REQUIRED ACTION: Below are the entries; return exactly the line with "Ein großer Brunnen" and every later line, without anything else.

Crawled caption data

= Beginning of Section =

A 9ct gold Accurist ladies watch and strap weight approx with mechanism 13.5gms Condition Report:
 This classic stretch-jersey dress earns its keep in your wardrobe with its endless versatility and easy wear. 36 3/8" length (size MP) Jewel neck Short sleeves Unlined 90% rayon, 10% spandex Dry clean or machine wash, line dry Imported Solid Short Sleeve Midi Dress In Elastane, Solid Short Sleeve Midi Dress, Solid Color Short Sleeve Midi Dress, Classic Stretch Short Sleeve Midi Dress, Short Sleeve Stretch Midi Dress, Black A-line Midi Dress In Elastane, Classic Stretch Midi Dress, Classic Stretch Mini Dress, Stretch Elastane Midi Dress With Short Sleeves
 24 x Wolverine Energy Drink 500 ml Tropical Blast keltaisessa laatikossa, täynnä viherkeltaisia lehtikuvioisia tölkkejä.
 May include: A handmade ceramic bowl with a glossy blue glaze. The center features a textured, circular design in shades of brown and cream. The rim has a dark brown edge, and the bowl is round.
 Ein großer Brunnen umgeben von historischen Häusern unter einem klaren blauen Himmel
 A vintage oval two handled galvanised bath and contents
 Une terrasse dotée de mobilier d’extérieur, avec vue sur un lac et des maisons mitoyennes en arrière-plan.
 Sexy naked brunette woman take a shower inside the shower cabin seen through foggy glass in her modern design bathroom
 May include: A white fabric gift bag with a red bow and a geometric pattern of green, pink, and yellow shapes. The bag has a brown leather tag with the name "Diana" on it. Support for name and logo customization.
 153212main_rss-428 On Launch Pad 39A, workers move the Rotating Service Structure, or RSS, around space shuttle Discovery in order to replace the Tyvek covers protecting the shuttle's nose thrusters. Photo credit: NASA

= End of Section =

YOUR RESPONSE:
 Ein großer Brunnen umgeben von historischen Häusern unter einem klaren blauen Himmel
 A vintage oval two handled galvanised bath and contents
 Une terrasse dotée de mobilier d’extérieur, avec vue sur un lac et des maisons mitoyennes en arrière-plan.
 Sexy naked brunette woman take a shower inside the shower cabin seen through foggy glass in her modern design bathroom
 May include: A white fabric gift bag with a red bow and a geometric pattern of green, pink, and yellow shapes. The bag has a brown leather tag with the name "Diana" on it. Support for name and logo customization.
 153212main_rss-428 On Launch Pad 39A, workers move the Rotating Service Structure, or RSS, around space shuttle Discovery in order to replace the Tyvek covers protecting the shuttle's nose thrusters. Photo credit: NASA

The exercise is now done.